Recommended Alert Thresholds¶

Metric	Alert Condition	Severity	Why
Node CPU usage	> 85% for 5 min	Warning	Game servers are CPU-bound
Node memory usage	> 90%	Critical	OOM killer terminates pods
Node disk usage	> 85%	Warning	Docker images and logs fill disk fast
Node network errors	> 0 sustained	Warning	Packet loss = player disconnects
Pod container restarts	> 5 total	Warning	Crash loop likely
Pod OOMKilled	Any	Critical	Pod exceeded memory limit — raise limit or investigate leak
Pod phase Failed	Any	Critical	Pod is not running
Node DiskPressure	True	Critical	K3s will start evicting pods

`kubectl top` — Quick CLI Check¶

Install metrics-server to enable kubectl top without Prometheus:

kubectl apply -f https://github.com/kubernetes-sigs/metrics-server/releases/latest/download/components.yaml

For K3s self-signed certs, patch the deployment to skip TLS verification:

kubectl patch deployment metrics-server -n kube-system \
  --type='json' \
  -p='[{"op":"add","path":"/spec/template/spec/containers/0/args/-","value":"--kubelet-insecure-tls"}]'

Then:

kubectl top nodes                              # CPU/mem per node
kubectl top pods -A                            # CPU/mem per pod across all namespaces
kubectl top pods -n default --sort-by=memory   # sort by highest memory consumer

Note

kubectl top uses metrics-server for live snapshots only — no history, no alerting.
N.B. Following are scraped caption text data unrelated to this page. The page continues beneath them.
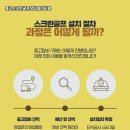 달동스크린골프 네이버블로그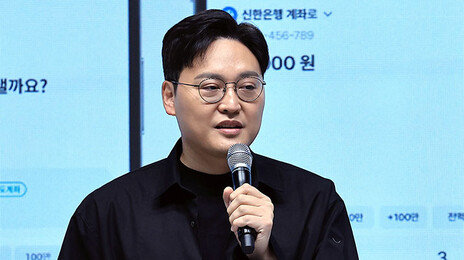 토스 대표 “집팔아 직원 100명 월세·이자 평생지원”…만우절 공약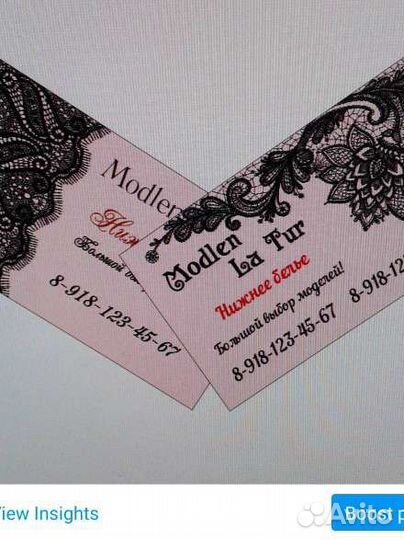 Графический дизайнер типография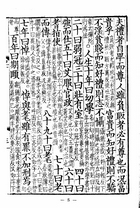 宋本禮記鄭注（上下冊）（經03）試閱-4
Use Prometheus + the MIP Dashboard for persistent metrics.

Uptime Checks¶

Use an external service to alert when your backend goes offline entirely (complements internal Prometheus):

Service	Free tier	Setup
UptimeRobot	50 monitors, 5-min intervals	HTTP check against `/health` endpoint
Hetrixtools	15 monitors	HTTP + port checks
Betterstack	10 monitors	HTTP + on-call schedules

Point the check at your NestJS backend health endpoint:

GET https://your-backend-domain/health
Expected: 200 OK

Alert via email, Slack, or Discord webhook on any non-200 response.